That's what most errata is. It will likely require an on-silicon fix to not hurt performance.

AMD had a pretty big one around Ryzen launch too. It just only affected linux, so no one cared.

AMD Linux issue was fixable with a micro code adjustment. This is not a Micro Code Fix

 

[R-T-B]

AMD Linux issue was fixable with a micro code adjustment. This is not a Micro Code Fix

As I documented in my thread, it was not a microcode adjustment, but either better binning or a new stepping. There is no microcode fix. That's a common net "wives-tale"

https://www.techpowerup.com/forums/...-marginality-issue.237195/page-2#post-3777687

 

[yogurt_21]

seems like this would be a big headache for AWS, Azure, and google.

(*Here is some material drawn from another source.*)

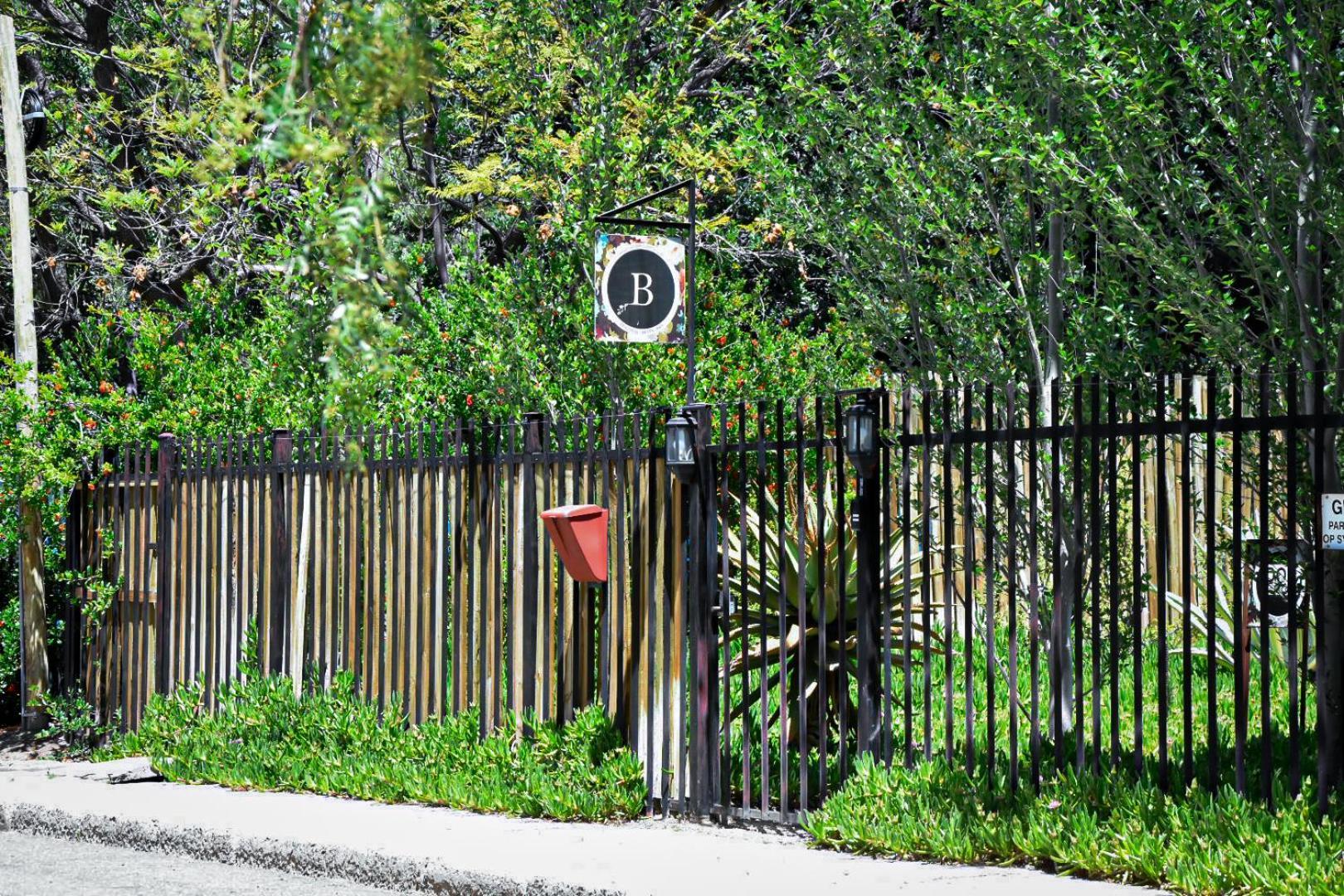 Beautiful Betty Guesthouse Beaufort West Exteriör bild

not so much if you host your own infrastructure. After all it appears you have to already have access to a vm on the machine to read the contents from another. Within an organization that's less of a concern than say me having an AWS node that can read the contents of another companies AWS node...

 

[SirB]

I guess this is why Intel's CEO sold off most of his stock november 29th.
Except for the minimum $250,000 required by Intels bylaws.
WHAT A SLEAZY COMPANY!

https://www.fool.com/investing/2017/12/19/intels-ceo-just-sold-a-lot-of-stock.aspx

 

[cdawall]

I'm betting the number will go massively up following it's disclosure.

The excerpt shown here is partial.